Thursday, November 17, 2011

Inanimate objects are much better lovers

It turns my stomach to even remember, which is an improvement that I even care. The second hand kept landing on nine every time I glanced at it, making me wonder whether I would be stuck in this moment till he was happy with my answer, but the minute hand was quickly skipping recognizing my flight time, sympathizing with me, hoping it would end soon. And it did…


I was out of town. And I can’t stress enough how good it felt. To leave in the night with no one knowing where you are or where you’re going. Oh, cold concrete and striped blacktop you are my love. I will never leave you, no matter how much some brave, disjointed emotion or warm, relaxed hands could give. I am yours and am too selfish to share.   


I parked and went inside the Super 8 around 4 AM. An Indian woman—eyes closed and joints stiff—gave me room 106. The box smelled like stale cigarettes and too little detergent. With every light turned on I still had a hard time seeing the stains on the now off-white sheets. The mattress rustled as if it were made of paper and the pillows were only their cases. The pen on the nightstand had been decapitated of its inked point.

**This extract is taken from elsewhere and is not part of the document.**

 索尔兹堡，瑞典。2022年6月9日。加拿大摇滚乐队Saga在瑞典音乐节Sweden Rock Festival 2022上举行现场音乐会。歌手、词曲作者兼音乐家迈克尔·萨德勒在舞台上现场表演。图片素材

As I scribbled I wondered how many other people like me had been here before, writing frivolously, happy, alone. I only wish to meet one of them. Maybe next time I’ll ask at the front desk, I need a room with a vagabond type who travels only with a pad of paper and a pen, mentally exhausted but relieved finally, ambiguous but readily available if you ask the correct questions, immoral but not tonight. No preference on sex or age but must be a smoker.


I slept better there than in my own bed. The farther away from my own comforts, the easier it is to sleep.


He left me with, “I’d rather be miserable.”


We only agreed once.

Wednesday, November 9, 2011

I wondered why we weren't together...

I know what I want, but not well enough to pin it down. I just get so overwhelmed...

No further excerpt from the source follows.